School heads have implored the Zimbabwe School Examination Council (Zimsec) to open a bank account dedicated to examinations where candidates can directly deposit examination fees to save learning institutions from huge bank charges.
This comes as Zimsec has claimed that it had failed to convince treasury to exempt schools on the bank charges incurred when administering examination fees.
Schools administer the registration of candidates and writing of examinations on behalf of Zimsec and so they collect registration fees which they then transfer to the examination body.
Bank charges for all transactions are borne by the examination centres as Zimsec demands its fees in full, leaving some schools indebted and failing to implement their own projects.
This was said by school heads attending the National Association of Secondary School Heads (Nash) conference in Victoria Falls.
The proposed that Zimsec can either open a bank account or leave a percentage of the fees with each examination centre to cover bank charges.
“While we appreciate that registration of candidates is our responsibility, the transmission of money from schools to ZIMSEC has become a serious expenditure on schools.
“There is also an urgent need to address this issue as schools are left financially poorer every time they collect these fees on behalf of the examination council.

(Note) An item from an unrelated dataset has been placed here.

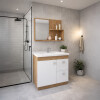 Mueble Para Baño Mgm Móveis Kit Hortencia Con Bacha Color Blanco Y Mueble Roble/blanco Mueble Para Baño Mgm Móveis Kit Hortencia Con Bacha Color Blanco Y Mueble Roble/blanco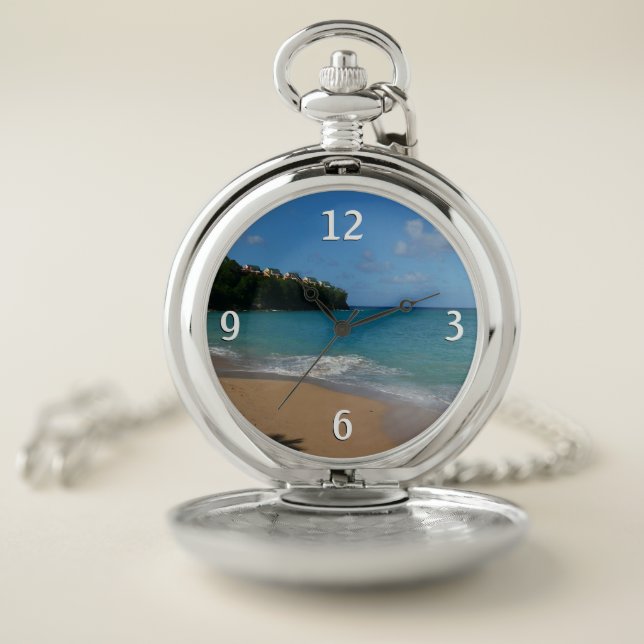 Saint Lucia Beach Tropical Vacation Landscape Pocket Watch (Inside)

Schools suffer bank and transport costs for business which does not benefit them and we appeal to the Ministry of Primary and Secondary Education and ZIMSEC to help address this nightmare,” said Nash president Arthur Maphosa who is also Gwanda High head.
He said schools, especially those in rural areas that usually use cash because of mobile network challenges which make electronic money payment methods difficult, also risk being robbed when keeping examination fees.
Maphosa said bank charges are so huge that schools eventually fail to fulfil some of their projects.
“It could be better if those charges could be taken care of by ZIMSEC. The unfortunate scenario is that those expenses are then passed on to the poor parents because schools get forced to review their fees in order to keep operating,” he said.
One headmaster said his school incurs about $500 000 in bank charges while transferring about $15 million examination fees paid by about 400 candidates.
“Is it not prudent for Zimsec to leave something for the school to cover such costs,” said a headmaster.
Zimsec spokesperson Nicky Dlamini said the examination body had engaged the Ministry of Finance and Economic Development for exemption of bank charges but the application had been turned down.